The potential of carbon dioxide removal through enhanced weathering of basalt on agricultural land in Austria

Enhanced weathering through basalt application on agricultural land represents a proposed strategy for the removal of carbon dioxide from the atmosphere. Co-benefits related to soil health, resilience and crop yield make basalt excellently suited as a sustainably technology for GHG mitigation in agriculture. It has been shown that enhanced weathering is principally feasible on a global scale, but it remains unclear whether it can be implemented on a local level. With this in mind, we estimate the potential for CO₂ removal through a case study for Austria. Scenarios are estimated for three different particle size distributions (< 100 µm, < 10 µm and < 1 µm).
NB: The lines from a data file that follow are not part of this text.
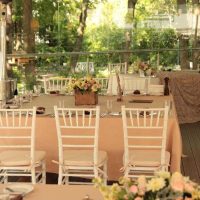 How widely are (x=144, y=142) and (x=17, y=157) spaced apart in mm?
1117

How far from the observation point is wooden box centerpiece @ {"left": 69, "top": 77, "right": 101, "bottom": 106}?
4.73m

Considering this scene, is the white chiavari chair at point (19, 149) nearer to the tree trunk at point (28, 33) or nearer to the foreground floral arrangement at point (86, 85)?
the foreground floral arrangement at point (86, 85)

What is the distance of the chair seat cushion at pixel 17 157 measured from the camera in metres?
3.88

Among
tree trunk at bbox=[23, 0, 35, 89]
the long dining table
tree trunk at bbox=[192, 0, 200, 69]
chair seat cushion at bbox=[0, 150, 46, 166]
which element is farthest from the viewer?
tree trunk at bbox=[192, 0, 200, 69]

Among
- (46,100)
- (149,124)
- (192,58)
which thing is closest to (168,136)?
(149,124)

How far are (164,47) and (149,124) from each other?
604 centimetres

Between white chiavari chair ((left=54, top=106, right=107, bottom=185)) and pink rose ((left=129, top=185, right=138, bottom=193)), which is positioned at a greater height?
pink rose ((left=129, top=185, right=138, bottom=193))

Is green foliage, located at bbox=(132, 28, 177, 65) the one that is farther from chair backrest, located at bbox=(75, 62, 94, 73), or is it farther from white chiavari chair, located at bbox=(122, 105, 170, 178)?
white chiavari chair, located at bbox=(122, 105, 170, 178)

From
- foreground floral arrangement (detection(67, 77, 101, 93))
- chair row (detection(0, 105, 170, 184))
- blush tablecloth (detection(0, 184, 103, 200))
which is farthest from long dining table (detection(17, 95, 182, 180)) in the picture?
blush tablecloth (detection(0, 184, 103, 200))

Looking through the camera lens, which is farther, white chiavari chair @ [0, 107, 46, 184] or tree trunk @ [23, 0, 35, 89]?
tree trunk @ [23, 0, 35, 89]

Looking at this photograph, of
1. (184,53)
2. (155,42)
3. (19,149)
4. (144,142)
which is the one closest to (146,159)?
(144,142)

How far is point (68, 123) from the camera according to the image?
4.18m

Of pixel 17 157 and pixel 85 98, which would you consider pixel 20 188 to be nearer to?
pixel 17 157

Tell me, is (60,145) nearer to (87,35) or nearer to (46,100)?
(46,100) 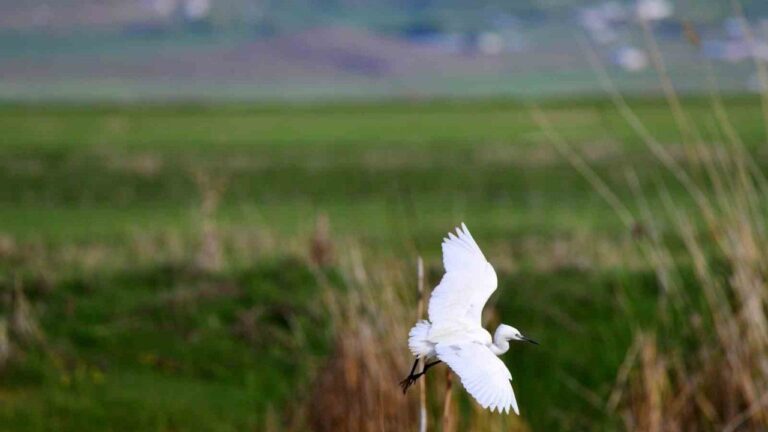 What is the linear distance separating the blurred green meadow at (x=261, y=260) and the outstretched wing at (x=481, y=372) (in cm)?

We find that transport related emissions may cancel out any drawdown if grain sizes (< 100 μm) are used. However, under optimal transport conditions the large-scale application of particles with a diameter < 10 μm may remove about 2% of Austria's annual Greenhouse gas emissions while at the same time supplying important plant nutrients. We discuss challenges towards this goal, including the enormous amounts of basalt needed and the energy requirement related to grinding, as well as uncertainties related to actual field weathering rates. Those uncertainties hinder the precise quantification of CO₂ drawdown as of now. While enhanced weathering remains a promising path for climate change mitigation, further research at laboratory and field scale is required to put this technology to optimal use.